Prompt - Quote only the lines that start at the line with "Afbeelding van Android" and run to the end of the entries; omit the pictures.

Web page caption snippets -
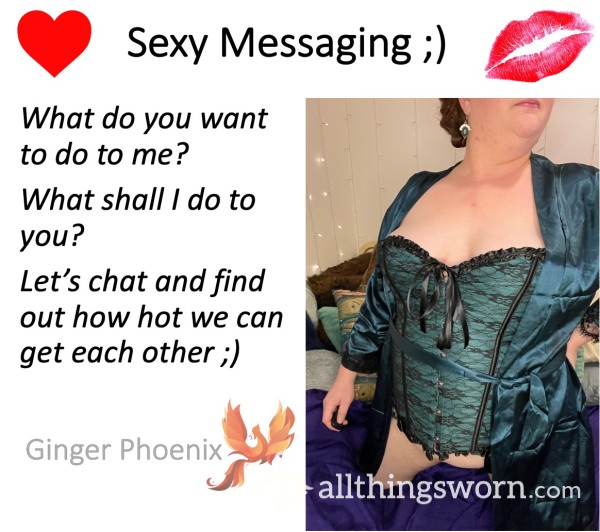 S**y Messaging ;)  How Hot Can We Get?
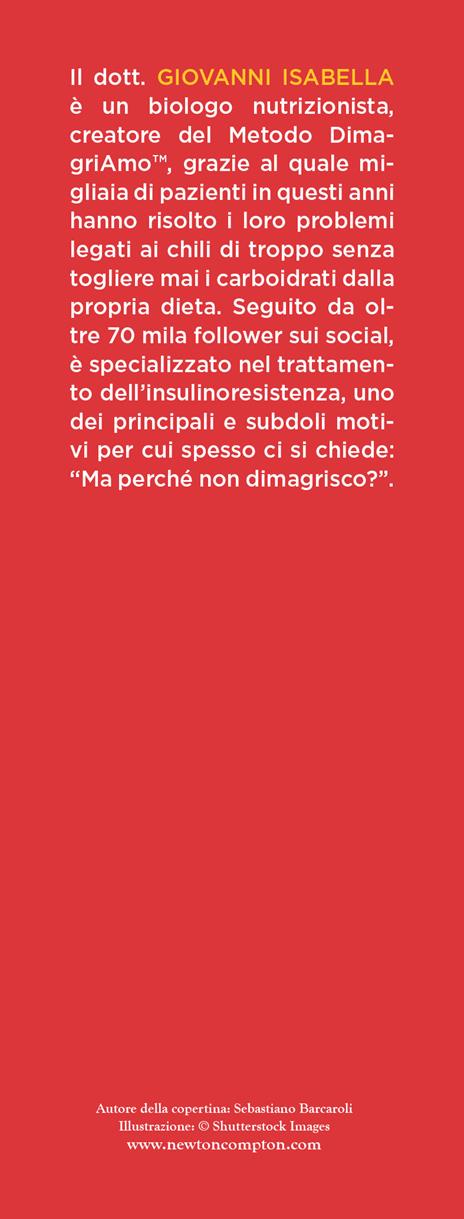 Ecco perchè non dimagrisco! Dalla qualità del sonno al corredo genetico, tutti i veri motivi che si nascondono dietro la difficoltà a perdere peso - Giovanni Isabella - 3
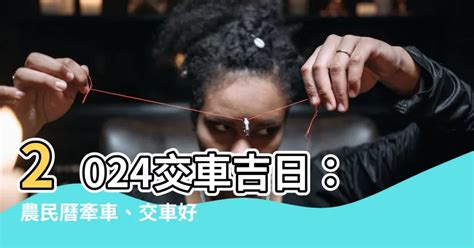 淨車日子|【2024交車吉日】農民曆牽車、交車好日子查詢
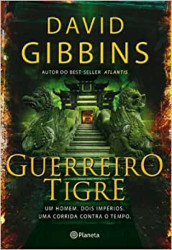Capa de Guerreiro Tigre - David Gibbins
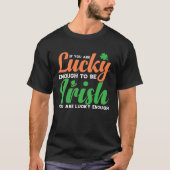 If You are Lucky Enough to be Irish T-shirt (Voorkant)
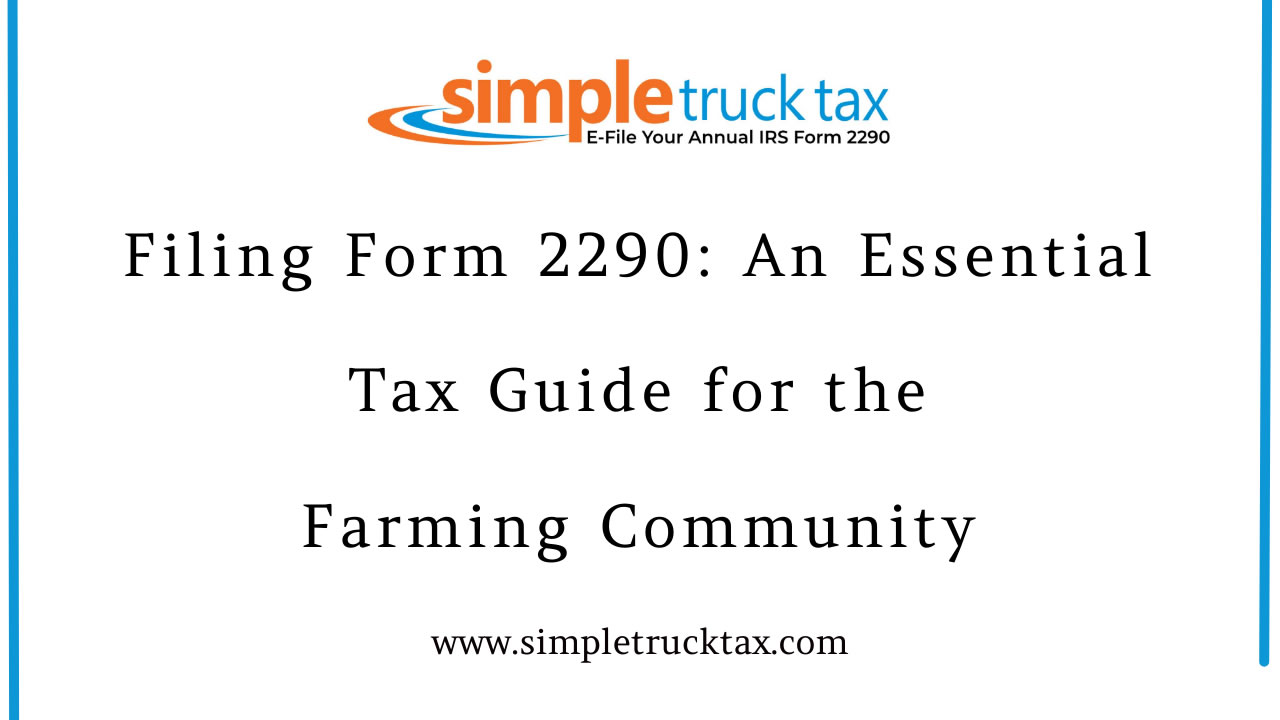 Filing Form 2290: An Essential Tax Guide for the Farming Community
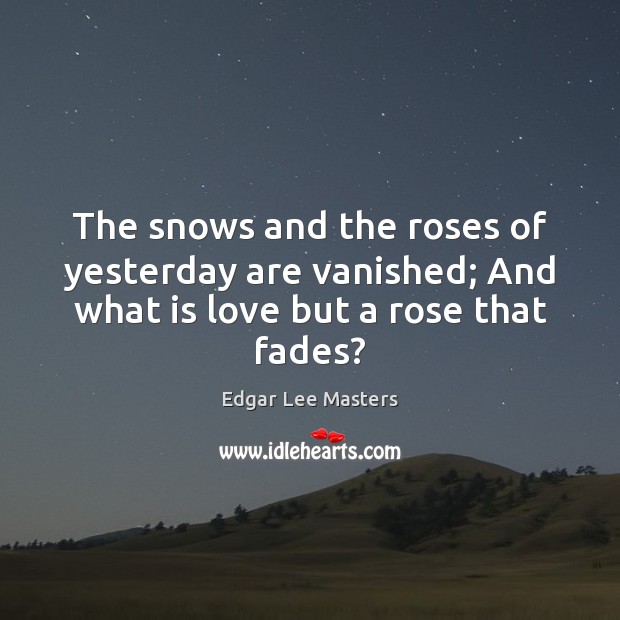 The snows and the roses of yesterday are vanished; And what is love but a rose that fades? 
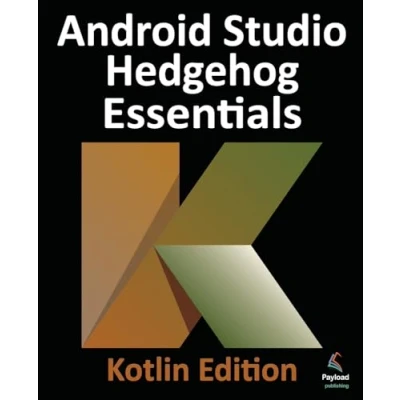 Afbeelding van Android Studio Hedgehog Essentials Kotlin Edition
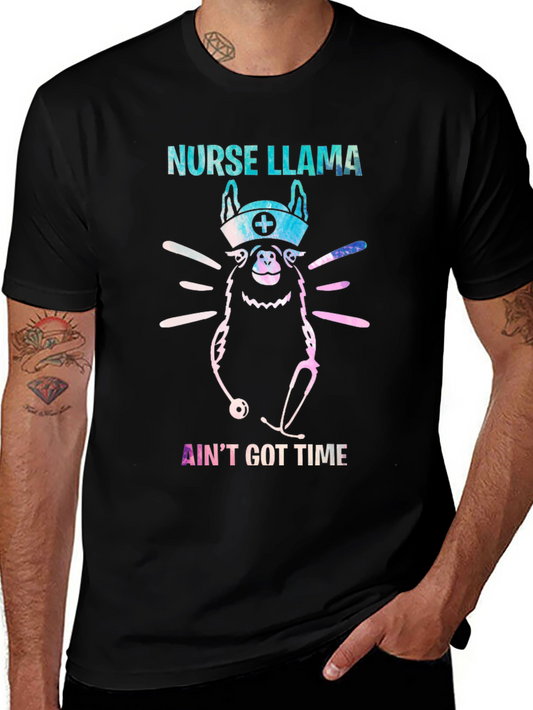 Nurse Llama T-Shirt - Aint Got Time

Expected output -
 Afbeelding van Android Studio Hedgehog Essentials Kotlin Edition
 Nurse Llama T-Shirt - Aint Got Time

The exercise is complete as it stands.